--- RECORDED INFORMATION Enclosed Below ---

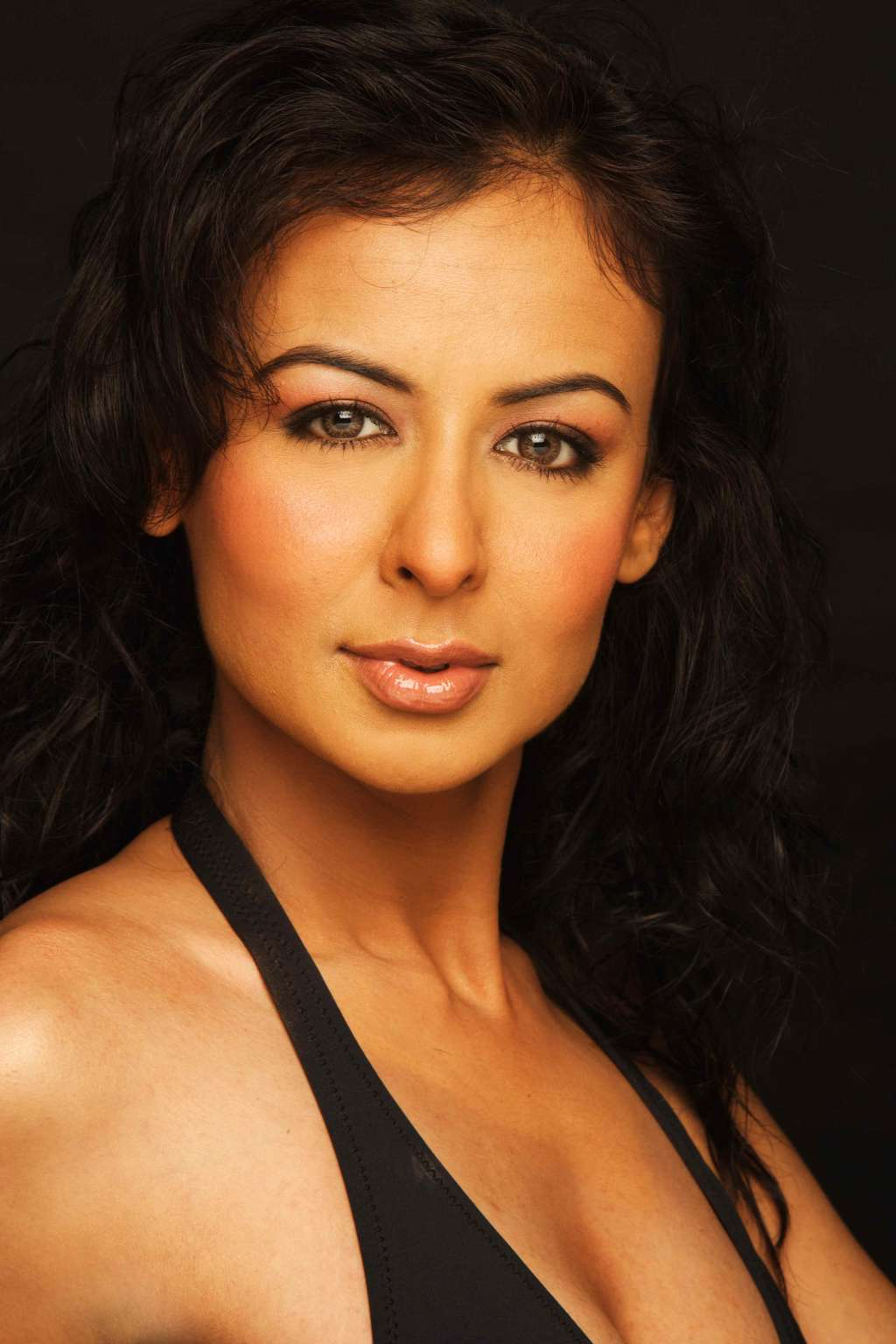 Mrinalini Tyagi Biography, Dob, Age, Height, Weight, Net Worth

--- End of Enclosed RECORDED INFORMATION ---
--- RECORDED INFORMATION Enclosed Below ---

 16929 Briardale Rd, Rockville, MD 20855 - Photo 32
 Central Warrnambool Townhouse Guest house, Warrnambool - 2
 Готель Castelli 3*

--- End of Enclosed RECORDED INFORMATION ---

### WORK ORDER
Please output exactly the lines between the one holding "Central Warrnambool Townhouse" and the one holding "Готель Castelli 3*" in the records above, inclusive, and nothing more.

### SOLUTION
 Central Warrnambool Townhouse Guest house, Warrnambool - 2
 Готель Castelli 3*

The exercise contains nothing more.